ENTRIES SHOWN:
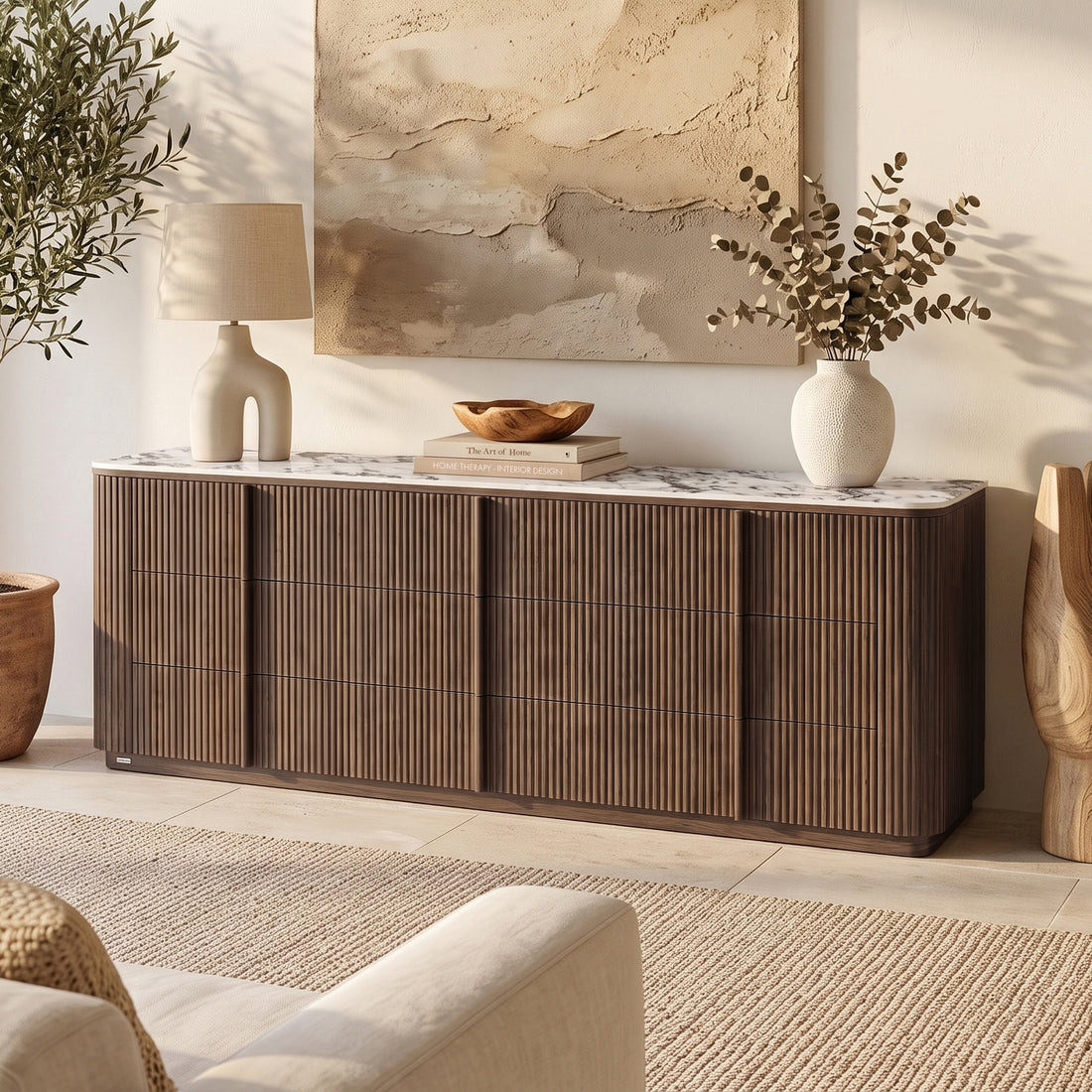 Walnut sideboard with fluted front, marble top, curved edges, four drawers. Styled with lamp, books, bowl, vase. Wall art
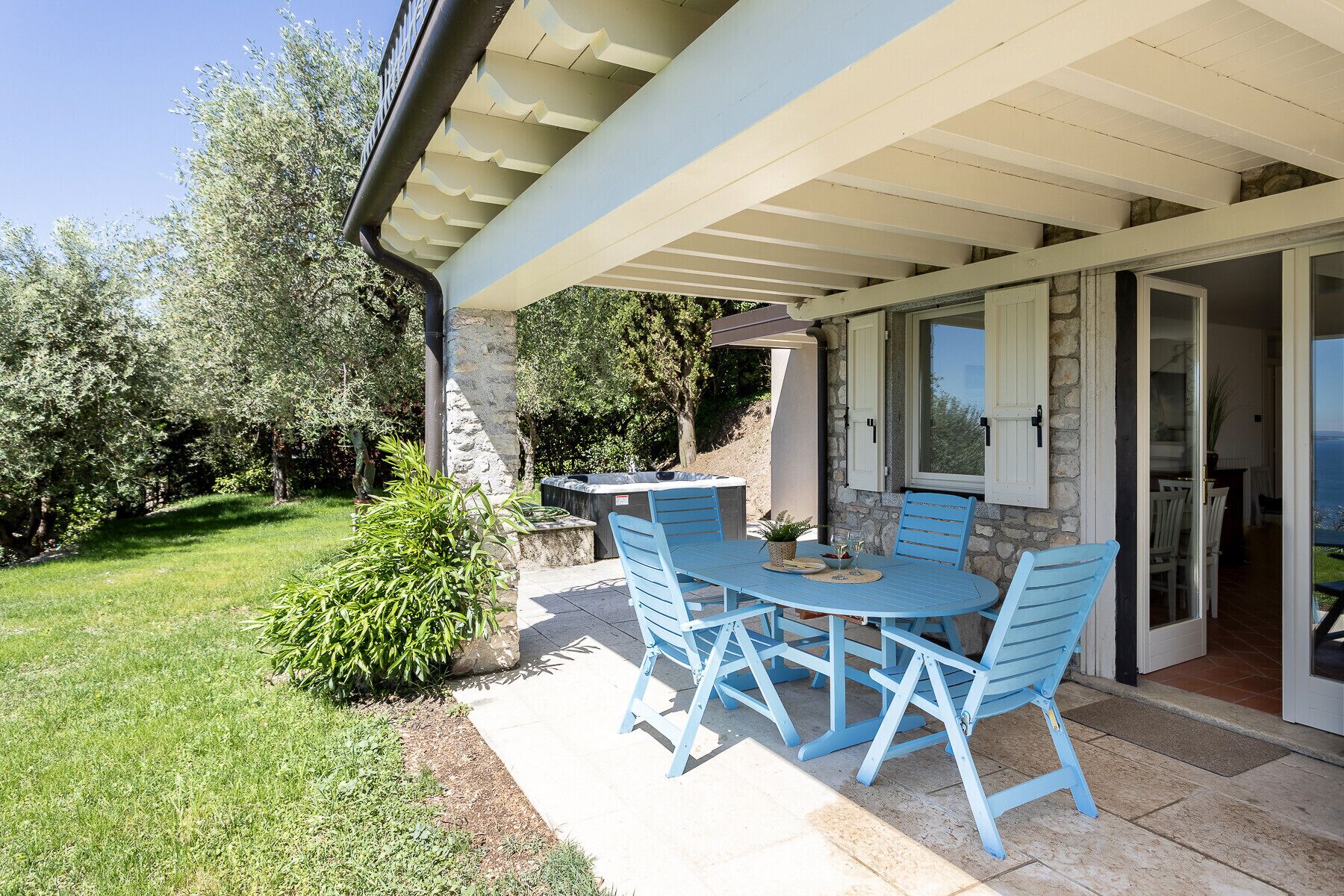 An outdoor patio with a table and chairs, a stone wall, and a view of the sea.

...

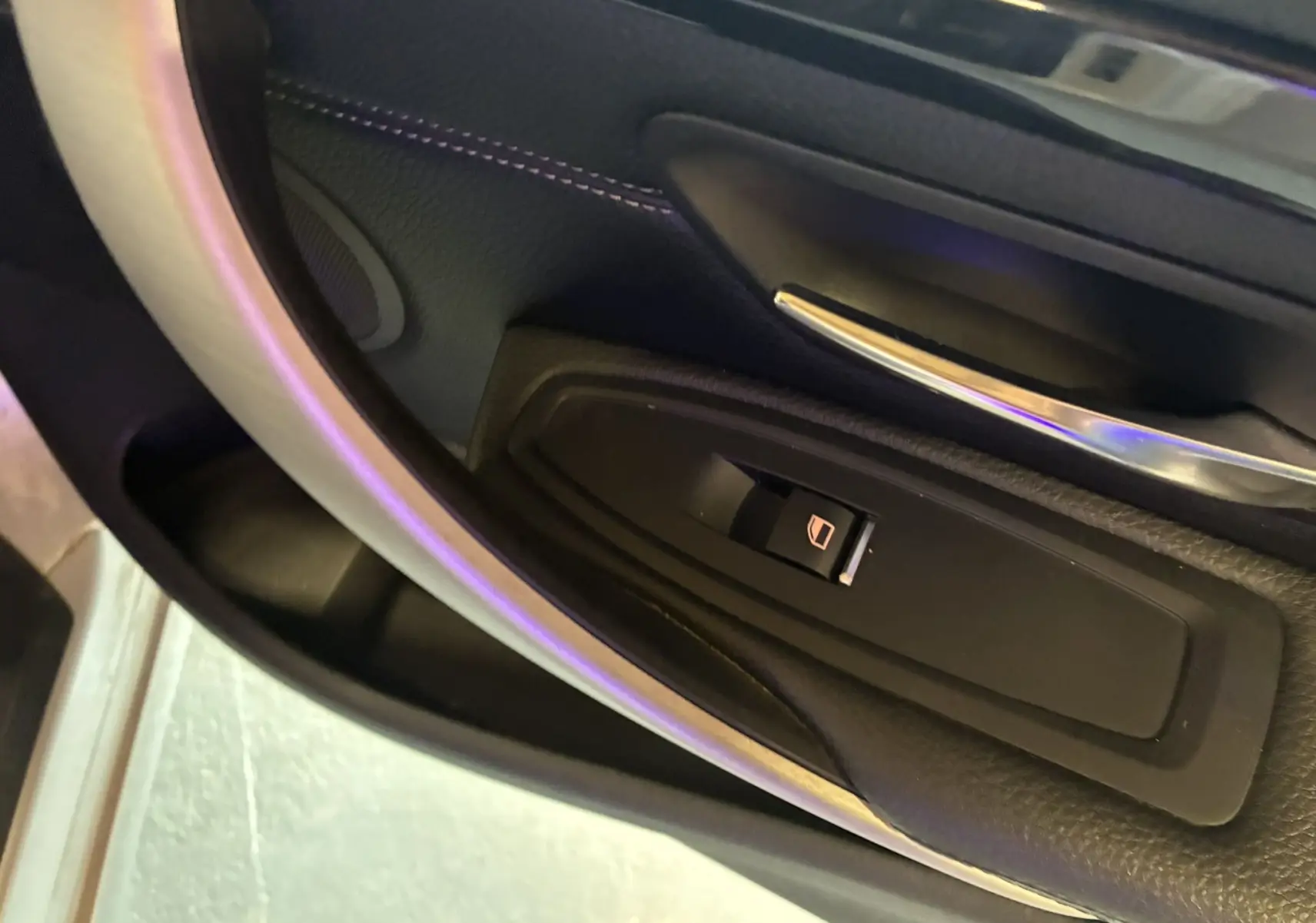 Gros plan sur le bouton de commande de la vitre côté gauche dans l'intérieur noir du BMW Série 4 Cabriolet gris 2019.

THE TASK: Copy needed, without pictures: the lines of the listing above from the line containing "Walnut sideboard with" up to and including the line containing "An outdoor patio", set down exactly.

RESULT:
 Walnut sideboard with fluted front, marble top, curved edges, four drawers. Styled with lamp, books, bowl, vase. Wall art
 An outdoor patio with a table and chairs, a stone wall, and a view of the sea.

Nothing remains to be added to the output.